Just as the government recommended four ordinances, including one on Truth and Reconciliation Commission and Commission on the Inquiry of the Disappeared, to the President today, rights activities decried the move, saying the government was aiming at granting blanket amnesty to perpetrators.
“Firstly, trying to merge TRC and CID, which were envisioned separately so as to ease delivery of transitional justice, is questionable. Secondly, the move is unilateral on the part of the government and its motive is doubtful,” said Charan Prasai, Chairman of Joint Forum for Human Rights. “The government, it seems, is trying to eschew responsibility of providing justice to the victims. The ordinance bid squarely means the government wants to grant blanket amnesty to the perpetrators.”

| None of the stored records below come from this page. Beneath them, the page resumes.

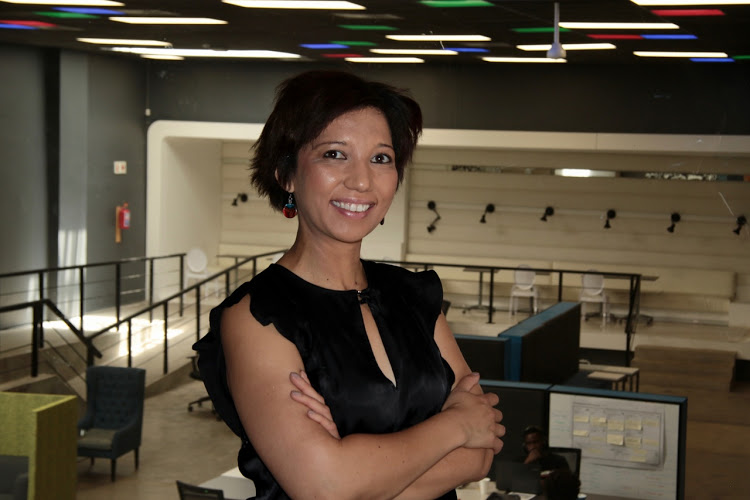 Lesley Williams, CEO of Tshimologong Digital Innovation Precinct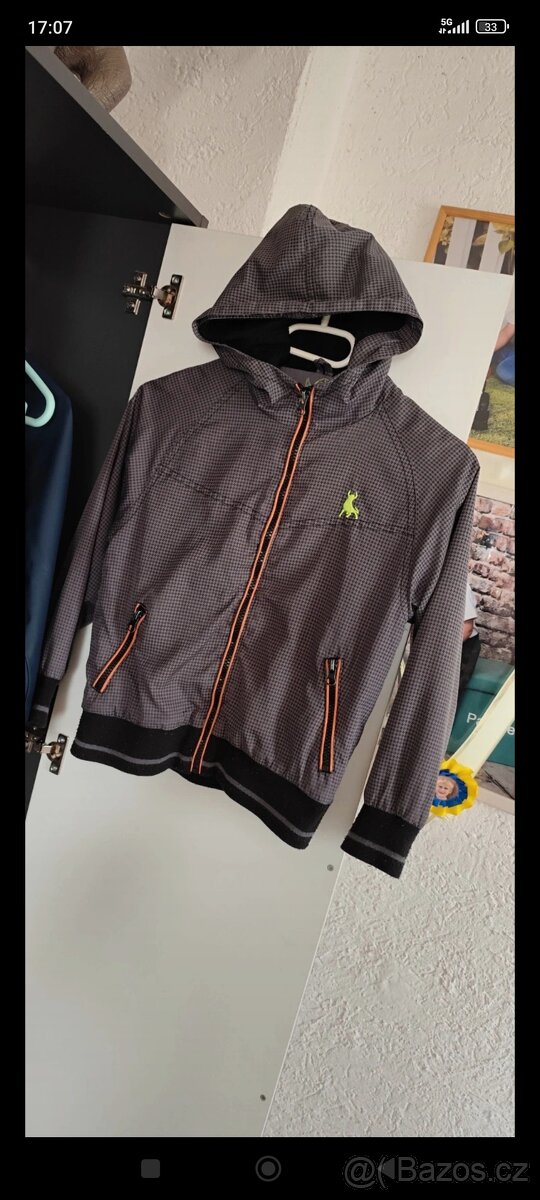 Klučičí bundy - 5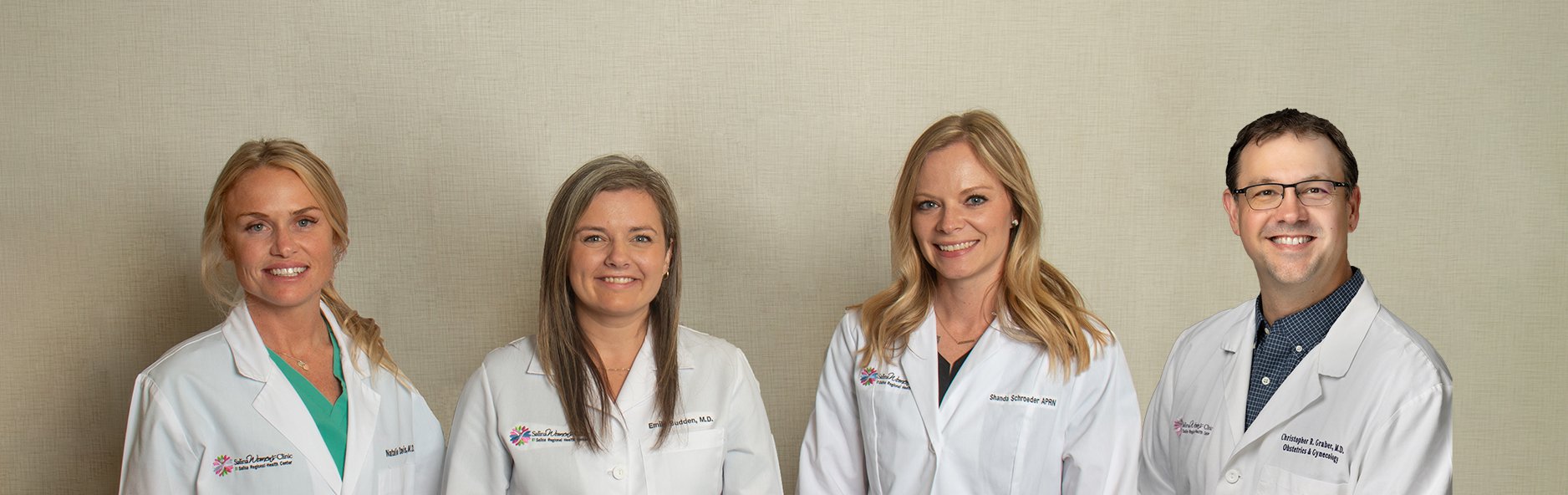 Salina Womens clinic group photowebsite
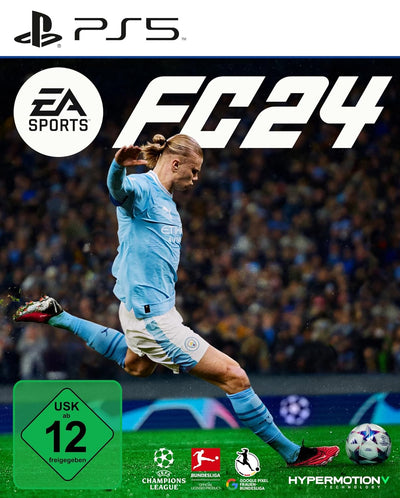 EA Sports FC 24 - (PlayStation 5)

Unimpeachable sources at the Office of the Prime Minister and Council of Ministers told this daily that the ordinance has removed the list of non-pardonable crimes, to get enough leverage to grant amnesty to all the accused of human rights violations.
The ordinance, added the source, does not make the mandatory provision of seeking consent from victims before granting amnesty to perpetrators.
The bill on TRC and CID, which continued to gather dust in Parliament until it was dissolved on May 27 along with the Constituent Assembly, had the provision that ‘it is mandatory to get consent from victims before pardoning the perpetrators and that those involved in crimes like rape, disappearance, murder and abduction should not be granted amnesty’.
“The provisions (in the ordinance) are not friendly to victims. Instead, it intends to protect perpetrators,” said human rights lawyer Govinda Sharma Bandi said. “The rights bodies and victims will not accept the government move. It is likely that even the international community will intervene saying it hugely lacks commitment towards human rights.”